Und dann dieser unsägliche Schmerz, in dem Ding, das an ihrem Kopf hing. Von überall kam der Schmerz zu ihr. Sie konnte kaum atmen vor Schmerz.

Körper, dachte sie, das nennt man Körper!

Also hatte sie einen Körper, aber sie konnte ihn nicht bewegen. Er schien fixiert, sodass sie keinen Muskel rühren konnte.
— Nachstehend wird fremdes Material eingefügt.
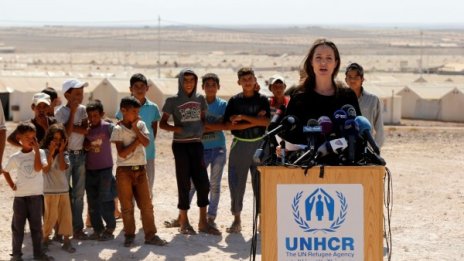 Игра с огъня: Анджелина зове за състрадателност от САЩ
Wenn doch nur nicht dieser Schmerz wäre, tief in ihr drin, als hätte man etwas in sie reingezwängt, das sie von innen peinigte.

Könnte ich doch wenigstens was sehen!

Aber es herrschte Dunkelheit, tiefste Finsternis um sie herum.

Da blitzte es in ihrem Geist hell auf – ein richtiger Gedanke!

Allysia, ich bin Allysia! Jetzt wusste sie wieder ihren Namen. Das ist doch schon mal ein Anfang.

Langsam erinnerte sie sich: Sie war bei der Arbeit, war im Rohschacht unterwegs gewesen, wie immer. Dann war diese Hitze gekommen und die Dunkelheit über sie hereingebrochen.

Wie zum Teufel bin ich hierhergekommen und wo bin ich, verdammt noch mal?

Langsam bekam sie wieder ein Gefühl für ihren Körper – sie hing bäuchlings in etwas drin. Ihre Beine waren gespreizt und angewinkelt. Die Arme lagen neben ihrem Körper auf etwas Kaltem und waren festgeschnallt. Und überall steckten Dinge in ihr drin, in ihrem Unterleib, im Mund, in den Händen und im Kopf.

Was passiert hier mit mir?

Es war still, da wo sie war. Oder konnte sie doch was hören? Wenn sie sich konzentrierte, vernahm sie ein ganz leises Summen.

Eine Maschine?

Da drang auf einmal eine Stimme aus dieser kalten Stille in ihren Kopf, deren Sinn sie nicht verstand. Es war ein Wispern, ohne Worte – etwas, das sie noch nie vernommen hatte.

Plötzlich durchfuhr sie ein rasender Schmerz, flüssiges Feuer strömte in ihre linke Hand und fraß sich durch ihren ganzen Körper. Sie merkte, wie der Nebel wieder zu wallen begann und sich über ihre Gedanken legte. Der Teer fing an, erneut durch ihr Gehirn zu fließen und verklebte ihre Gedanken.

Allysia, war das letzte, was träge durch ihren Kopf schwebte, dann kam die Dunkelheit zurück.